Page is a not externally linkable
lammert - 3:48 pm on Jan 22, 2008 (gmt 0)
Light has a maximum speed of about 300,000 km/sec in vacuum. Through fibers, this is lower, about 200,000 km/sec. Electrical signals traveling through a copper cable are limited at roughly the same speed. When your server is located in the US and your visitor is located in Europe, the amount of cable in between can be as much as 15,000 km. The response on each request has to travel back which makes the total way to travel 30,000 km for every request. Simple math gives a loopback time of 150 msec, which is quite common for trans-atlantic traffic. So even with more internet bandwidth, the response will always take a certain amount of time and with the current internet, we are already close to that limit. Now comes the way browsers handle page rendering. First the HTML page is downloaded and interpreted. All the extra files (images, CSS files, JavaScript files) are downloaded seperately. Each of these requests takes at least 150 msec to fullfill. Browsers can spawn multiple requests at the time, but current browsers are limited to request only two files concurrent from one server, or one JavaScript file.
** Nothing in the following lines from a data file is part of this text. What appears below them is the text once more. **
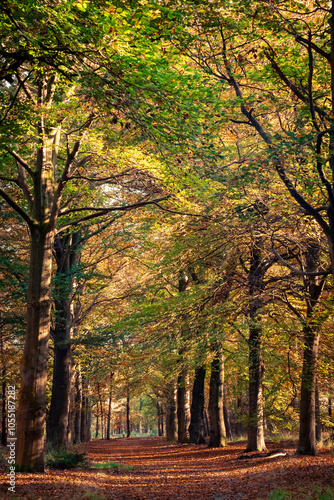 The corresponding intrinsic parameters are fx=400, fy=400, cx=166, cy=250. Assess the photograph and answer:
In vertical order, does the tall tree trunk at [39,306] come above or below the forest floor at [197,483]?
above

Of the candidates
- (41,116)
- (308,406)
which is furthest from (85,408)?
(41,116)

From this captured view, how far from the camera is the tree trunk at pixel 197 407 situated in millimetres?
21188

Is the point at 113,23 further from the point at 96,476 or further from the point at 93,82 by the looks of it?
the point at 96,476

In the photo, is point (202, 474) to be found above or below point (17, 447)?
below

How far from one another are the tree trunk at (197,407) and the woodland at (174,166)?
95.0 inches

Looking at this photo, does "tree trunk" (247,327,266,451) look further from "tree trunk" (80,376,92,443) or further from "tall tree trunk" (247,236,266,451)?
"tree trunk" (80,376,92,443)

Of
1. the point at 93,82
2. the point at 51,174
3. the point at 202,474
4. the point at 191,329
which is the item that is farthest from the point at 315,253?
the point at 93,82

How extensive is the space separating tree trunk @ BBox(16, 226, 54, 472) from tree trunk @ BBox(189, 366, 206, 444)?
1311 centimetres

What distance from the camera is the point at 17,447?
872 cm

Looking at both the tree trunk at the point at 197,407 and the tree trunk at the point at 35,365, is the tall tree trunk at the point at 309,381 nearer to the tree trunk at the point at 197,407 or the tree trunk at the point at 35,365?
the tree trunk at the point at 35,365

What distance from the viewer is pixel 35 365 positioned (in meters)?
8.93

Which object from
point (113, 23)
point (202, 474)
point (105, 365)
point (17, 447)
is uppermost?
point (113, 23)

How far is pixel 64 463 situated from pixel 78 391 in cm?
1857

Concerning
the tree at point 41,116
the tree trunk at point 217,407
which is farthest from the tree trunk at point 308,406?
the tree at point 41,116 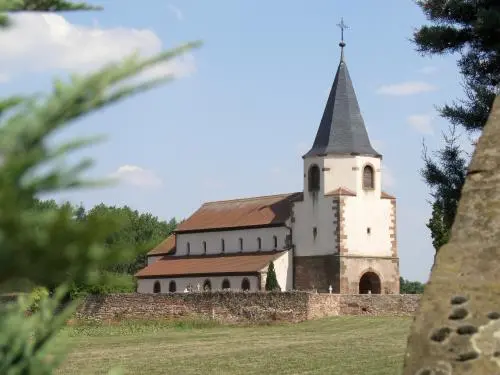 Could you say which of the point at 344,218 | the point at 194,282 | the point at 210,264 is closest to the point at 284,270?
the point at 344,218

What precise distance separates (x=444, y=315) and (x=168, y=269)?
184ft

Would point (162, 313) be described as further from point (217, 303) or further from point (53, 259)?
point (53, 259)

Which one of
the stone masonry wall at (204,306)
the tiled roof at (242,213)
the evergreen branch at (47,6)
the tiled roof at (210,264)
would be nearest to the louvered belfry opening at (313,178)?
the tiled roof at (242,213)

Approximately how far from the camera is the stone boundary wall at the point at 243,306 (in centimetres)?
4091

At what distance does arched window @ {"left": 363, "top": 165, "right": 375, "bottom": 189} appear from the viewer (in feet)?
183

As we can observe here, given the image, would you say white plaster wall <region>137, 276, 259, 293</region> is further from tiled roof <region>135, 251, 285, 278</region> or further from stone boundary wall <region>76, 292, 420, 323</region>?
stone boundary wall <region>76, 292, 420, 323</region>

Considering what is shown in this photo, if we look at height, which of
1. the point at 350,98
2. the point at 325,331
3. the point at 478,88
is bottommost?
the point at 325,331

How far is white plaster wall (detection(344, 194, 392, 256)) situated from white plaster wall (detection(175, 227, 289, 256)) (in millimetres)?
4417

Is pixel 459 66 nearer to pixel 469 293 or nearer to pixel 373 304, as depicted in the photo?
pixel 469 293

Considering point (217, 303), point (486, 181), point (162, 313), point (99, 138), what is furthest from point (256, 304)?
point (99, 138)

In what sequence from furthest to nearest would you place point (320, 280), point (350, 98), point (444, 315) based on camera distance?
point (350, 98)
point (320, 280)
point (444, 315)

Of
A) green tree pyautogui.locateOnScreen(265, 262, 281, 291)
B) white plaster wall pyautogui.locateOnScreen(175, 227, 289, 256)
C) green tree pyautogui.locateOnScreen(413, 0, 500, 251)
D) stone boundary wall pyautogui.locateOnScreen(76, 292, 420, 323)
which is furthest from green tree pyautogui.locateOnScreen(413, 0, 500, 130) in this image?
white plaster wall pyautogui.locateOnScreen(175, 227, 289, 256)

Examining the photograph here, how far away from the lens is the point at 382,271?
180ft

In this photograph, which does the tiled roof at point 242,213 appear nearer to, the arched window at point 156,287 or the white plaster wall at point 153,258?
the white plaster wall at point 153,258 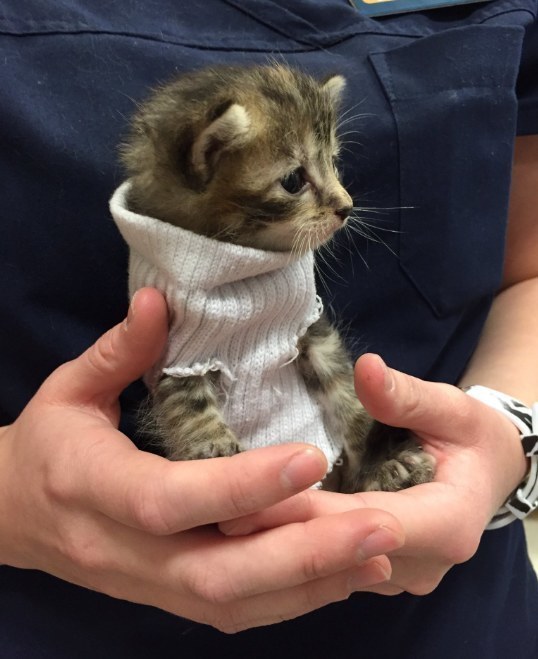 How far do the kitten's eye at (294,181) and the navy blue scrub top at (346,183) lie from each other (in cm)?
16

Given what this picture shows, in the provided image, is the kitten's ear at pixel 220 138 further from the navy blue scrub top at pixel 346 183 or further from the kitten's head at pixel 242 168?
the navy blue scrub top at pixel 346 183

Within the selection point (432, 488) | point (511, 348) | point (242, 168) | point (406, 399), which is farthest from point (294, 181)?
point (511, 348)

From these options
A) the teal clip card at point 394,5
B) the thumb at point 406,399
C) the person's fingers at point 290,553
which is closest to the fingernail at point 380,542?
the person's fingers at point 290,553

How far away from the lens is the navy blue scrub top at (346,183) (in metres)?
0.88

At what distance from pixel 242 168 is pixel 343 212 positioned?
0.16 m

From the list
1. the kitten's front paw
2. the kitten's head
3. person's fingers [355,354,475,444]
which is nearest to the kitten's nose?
the kitten's head

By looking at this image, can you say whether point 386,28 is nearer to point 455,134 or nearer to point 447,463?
point 455,134

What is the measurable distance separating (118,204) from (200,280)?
151mm

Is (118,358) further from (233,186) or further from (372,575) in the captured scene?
(372,575)

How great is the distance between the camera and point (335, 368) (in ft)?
3.35

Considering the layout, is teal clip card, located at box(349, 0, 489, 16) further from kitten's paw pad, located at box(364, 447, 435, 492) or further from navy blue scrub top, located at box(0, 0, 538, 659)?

If, as an example you have one HTML file which calls 4 CSS files, 2 JavaScript files, and 20 images, The browser spawns 15 separate request series (1xHTML, 2 CSS series, 2 JS requests and 10 image series) giving, just because of the speed of light a minimum delay of 2250 msec. I don't count here the extra delay because of browser rendering time, traffic congestion, lost packets etc.
The advantage of local servers close to the visitors is not because the current internet isn't fast enough but because nothing can travel faster than light.